The map lay on the passenger seat, folded, enticing. The Fifth Moment would be on there now, the fourth already faded away to the memory it really was. He grabbed the map and opened it across the steering wheel, looking everywhere but at the map while he smoothed it out. A couple of cars passed by him, their drivers apparently uninterested.
Across the street, three men in overalls walked along the pavement, dragging their feet, heads bowed. One of them seemed to be talking, but Max could not see whether the other two were even paying attention. They carried long-handled tools over their shoulders. The buildings across the street from him were faceless, windows gleaming with reflected sun. If someone was watching him from there, he would not see them.
They can't be everywhere,
he thought.
If they were, I'd be dead already
So, finally, he looked down at the map.
He scanned areas where no Moment had appeared before, but eventually his eyes were drawn back to the French Quarter, only a couple of blocks from Jackson Square, where the Second Moment had occurred. A small box had appeared there:
The Fifth Moment:
The Civil War Dead Unite to Avenge
a Heinous Tordu Crime
June 8, 1935
Later again. Each moment represented a shift forward in time, marching toward the present. He wondered how many more there could be after this one, and the strange sensation of something closing in on him made him shiver.

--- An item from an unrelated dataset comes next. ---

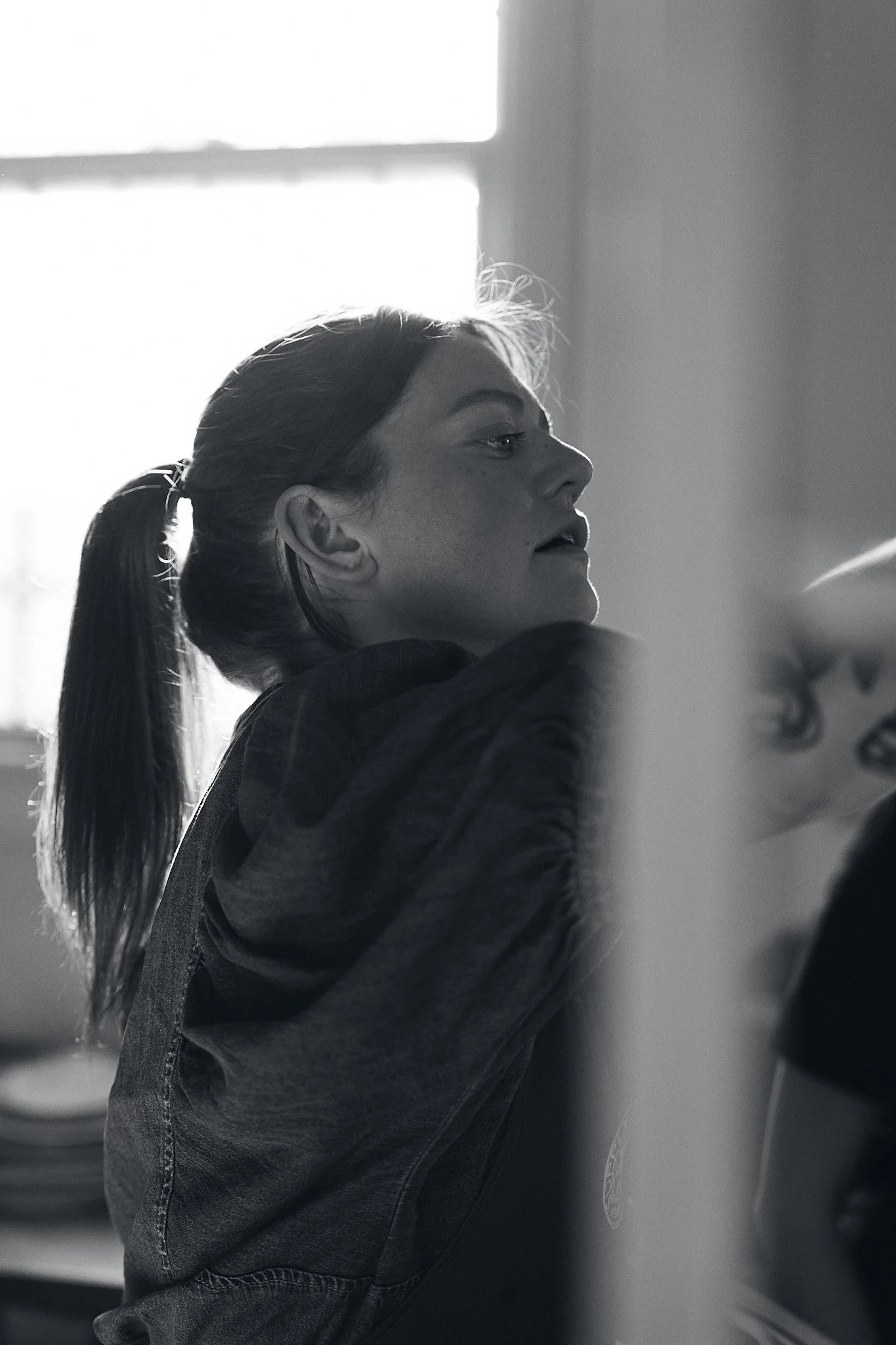 A young woman with long hair tied in a ponytail, wearing a hooded sweatshirt, leaning against a washing machine or dryer, looking to her right with a neutral expression. The background shows a brightly lit window and part of a laundry room.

Maybe they don't always win,
he thought, taking in those words again and trying to make sense of them. But he could make little sense, because he
knew
so little. He knew the Tordu existed, but not why. From his first meeting with
Coco, it had been apparent they were involved in drugs and prostitution, some kind of crime family, holding the city in a terrible grip. According to the Moments he had seen, they had been preying on New Orleans, living off the city, for centuries. But what did their rituals and conjurations have to do with any of that? Were they ruling this town with dark magic, the same way organized crime families controlled other cities with fear and money?
Their influence on New Orleans could not be denied. And Max felt certain that someone with an intimate understanding of the city would have to know at least something about the Tordu …even if they never spoke of it aloud. Even if fear made them erase such knowledge from their minds.
“Charlie,” he said. His old friend from the university, chased away by the Tordu. There was only one reason for them to warn Charlie away: they'd been afraid he would speak of things meant to be secret.
Max sighed and folded the map. He had transportation now, and he could be at the site of the Fifth Moment in maybe fifteen minutes, but the streets were dangerous for him. The Tordu were looking for him and for this vehicle.
“Charlie, you can tell me,” he whispered.
He couldn't break his momentum. He had to forge ahead to the next Moment, and witness its memory and truths. At first, he had not seen the pattern, not realized it at all, but the Map of Moments contained within it the story of the Tordu establishing a hold upon the heart of New Orleans. And if Max hoped to survive contact with them, he needed to reach the end of the map, the end of the story,
and unravel the secrets of the Tordu. This wasn't just about making peace with losing Gabrielle anymore, or even some hope that he might reach back to save her, or forgive her, or forgive himself.